Cash is seized on the spot because it can disappear quickly. Bank deposits are easily traced, and if not used for legitimate purposes are still subject to seizure whatever account they end up in. If you use the $100,000 to buy a Mercedes or expensive bling, they can seize that.

So what would happen if I had 1 million in $US in DeutscheBank in NY, and went to a DeutscheBank in Munich and pulled out $100 000US … is it treated like 2 different banks or 2 branches of the same bank? Could I flip money in and out of the Munich branch and not have to do anything with the US IRS reporting because it is happening out of the country? [not hiding the money, just doing it in a foreign country with money from gambling or selling baby frogs or something legal]

No. Cash coming in over $10K(or cash equivalent) needs to be reported and will be seized if not reported- or if the person is on several lists.

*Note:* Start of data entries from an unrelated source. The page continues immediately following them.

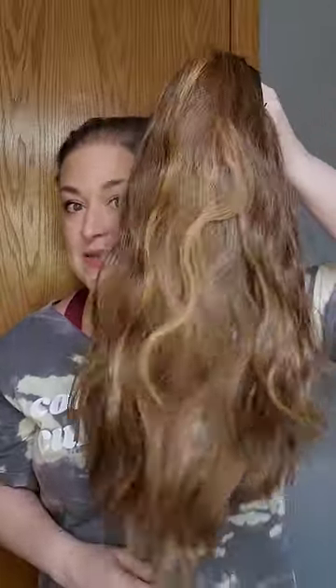This wig is fabulous. It feels like human hair — it's soft, it's silky, it's gorgeous. It's worth way more to me than the cheap price I paid for it. It's amazing.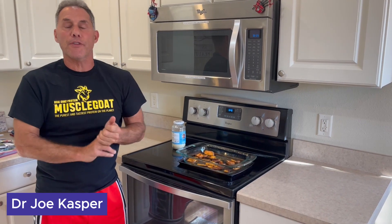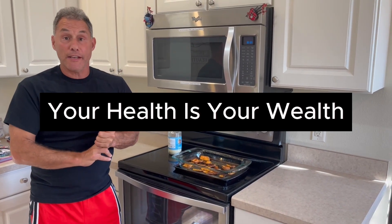Simple! Again, I'm Dr. Joe Kasp. Remember, your health is your wealth. Never forget it. Bye now.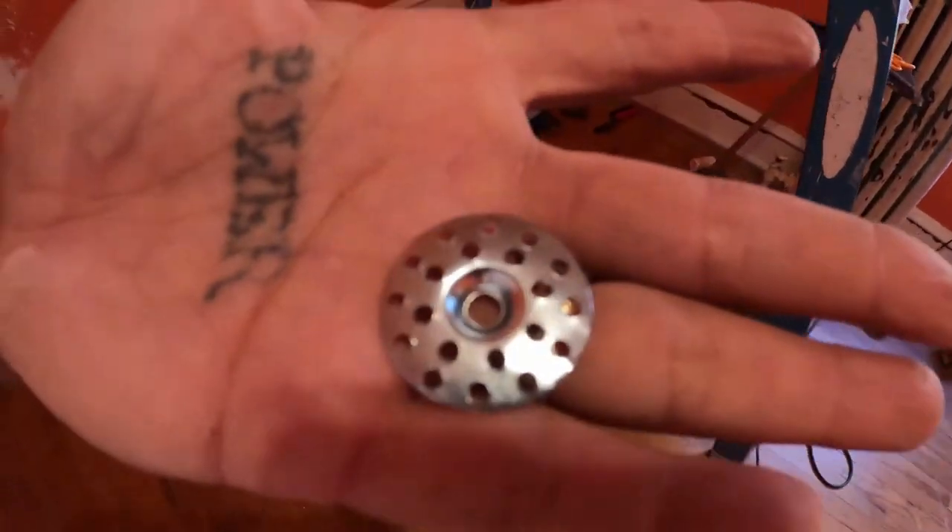Charles Street Supply is where I got these from. These are plaster washers — I got them like 30 years ago. We were going to be in the house a long time, so charlesstsupply.com is where you can get them.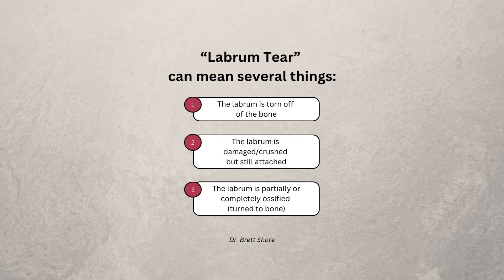It can also mean that the labrum is damaged or crushed, or it can mean both. And in rare cases, you can actually see something called labral ossification, which basically means some portion of the labrum has actually turned to bone.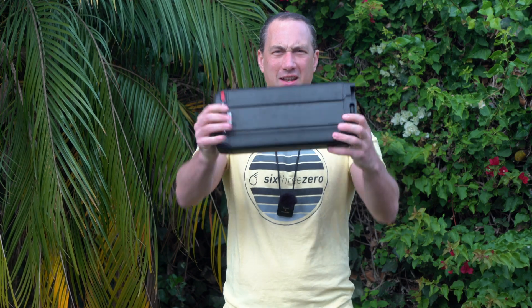Hey everyone, Peter Kaltreiter here at 630 Bikes. A question we get a lot is, what is inside the battery? Let's find out.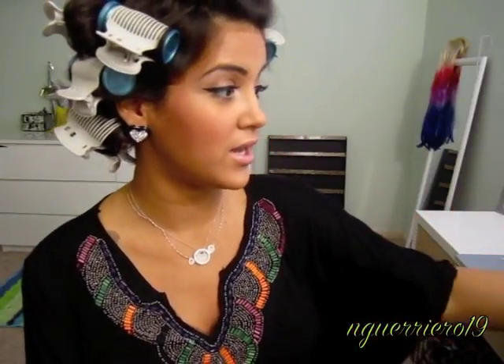Once you have all your rollers in — I have my hair extensions in and everything — I still have 14 rollers left over. So if you have a ton of hair, this is a great roller set for you. I'm going to let these set for probably about 20 minutes until they're completely cool.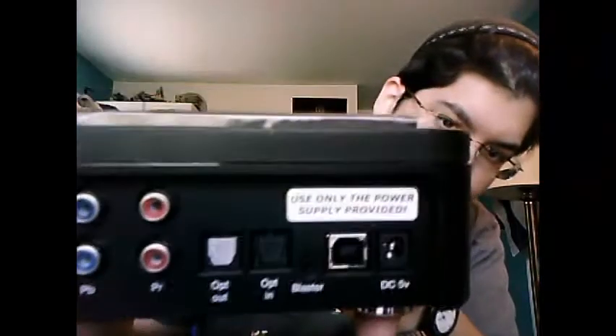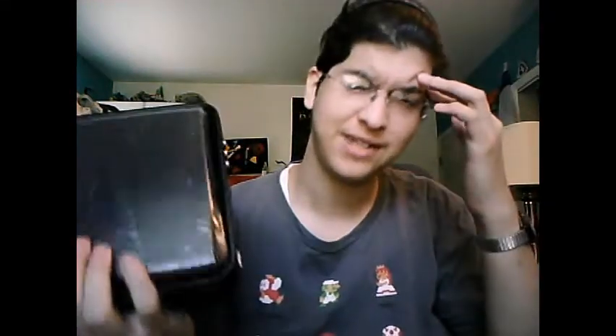Use only the power supply provided! I don't know if you can see that. And for the front, it also has composite and S-video. Random letter video and a power button, but it's not turning on, and it has a little thingy on top.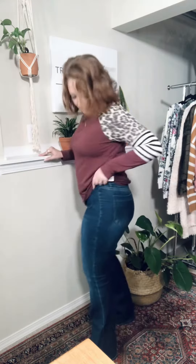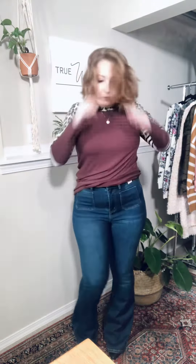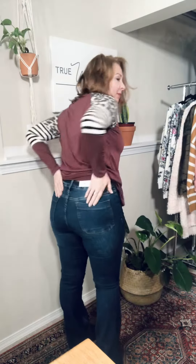All right, we have some new Judy Blues. They are ultra stretchy and fantastic. They are a darker wash and a high rise — they come up to my belly button. You have these cute little pockets right here, and here are the pockets on the back.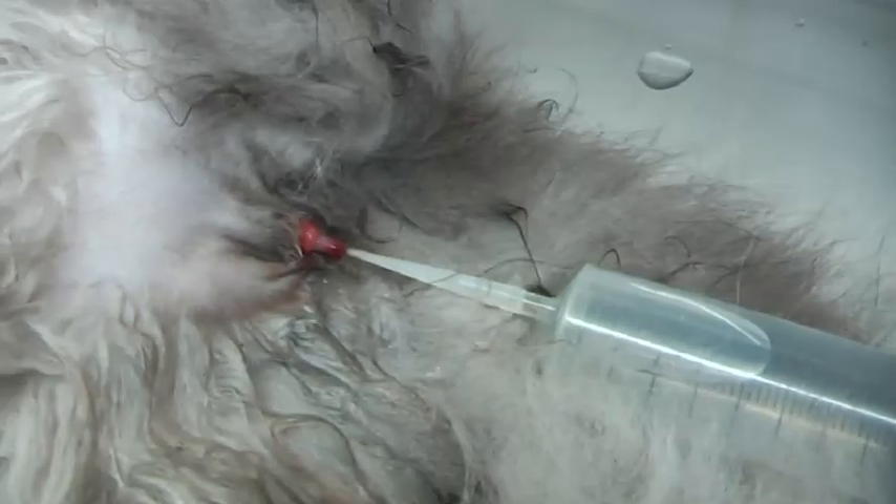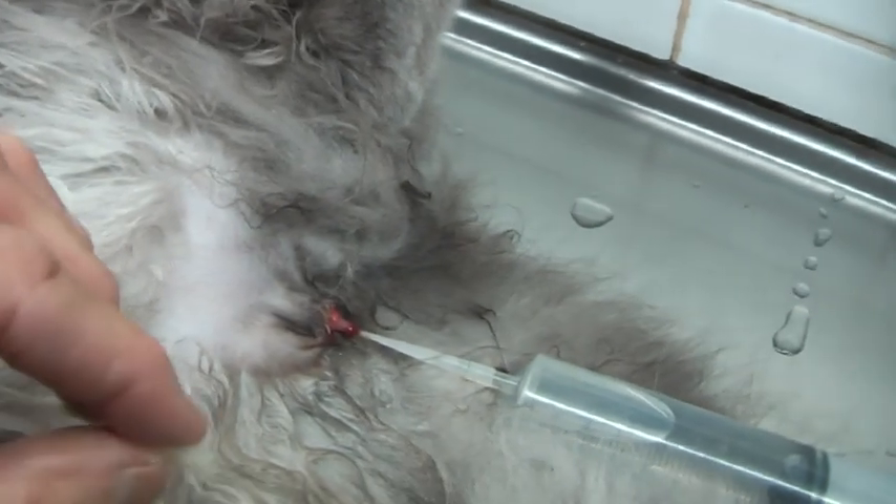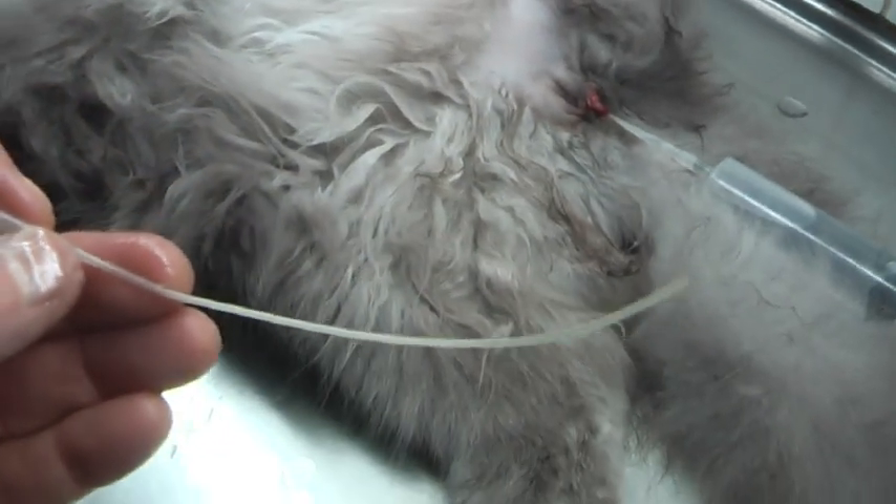I have to rinse several times now. See? Rinse, and you go on all the way. It's quite a long thing — quite a long way. You have to go in all the way, right into the bladder.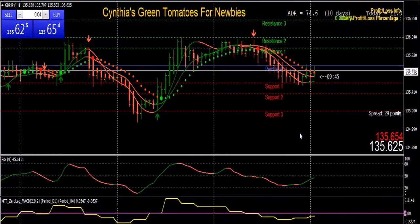Hi, this is Cynthia of DayTrade Forex. I'd like to thank you for visiting my website. If you're interested in becoming a Forex trader, I have a new trading system created just for newbies. I call it Green Tomatoes for Newbies. It's created for the MT4 trading platform and has special color-coded indicators that all coordinate and coincide with each other, specializing in giving you the best possible timing on your entries and exits.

a Million dollar wire is no big deal. They happen thousands of times a day and they are not reported unless something else is off- like the funds appear to have come from a OFAC restricted nation, etc.

Mind you if you get audited they will require you account for the source. Unless you report it as taxable.

It’s considered income when you normally report. You should pay Estimated Taxes on it or be penalized, of course.

No- every single SAR is examined by a Special Agent. I have ACAMs accreditation and go to their conferences. The Fed agents there have said this over and over. Mind you- if it’s just a $1MM wire with nothing else odd, they will roll their eyes at bit at it having been filed, run a quick check of the client, and if nothing springs up, go on to the next.
CTR’s are only pulled if there’s a audit or investigation.

Mind you, a bank should not file a SAR for a simple $1MM wire- unless there’s something odd- like it goes back out immediately (and not to a escrow account, which is common). Or is a new client with nothing that would indicate that kind of funds, etc.

The money is transferred by wire to Germany, and the German bank makes a cash transaction. At that point, German laws take over. Not sure what obligations the bank also has for having a US presence. I would be surprised if Germany does not have equivalent cash transaction reporting requirements but apparently not. I know Canada does, and the USA has pushed most other countries to do the same.

Googling, Germany is a cash-intensive society, a lot less likely to use non-cash payment methods, so a lot more cash withdrawal/deposit activity I assume, and a good place to launder money. The reporting limit for importing cash is 15,000 Euro. There are no cash reporting rules for internal transactions from what I can find.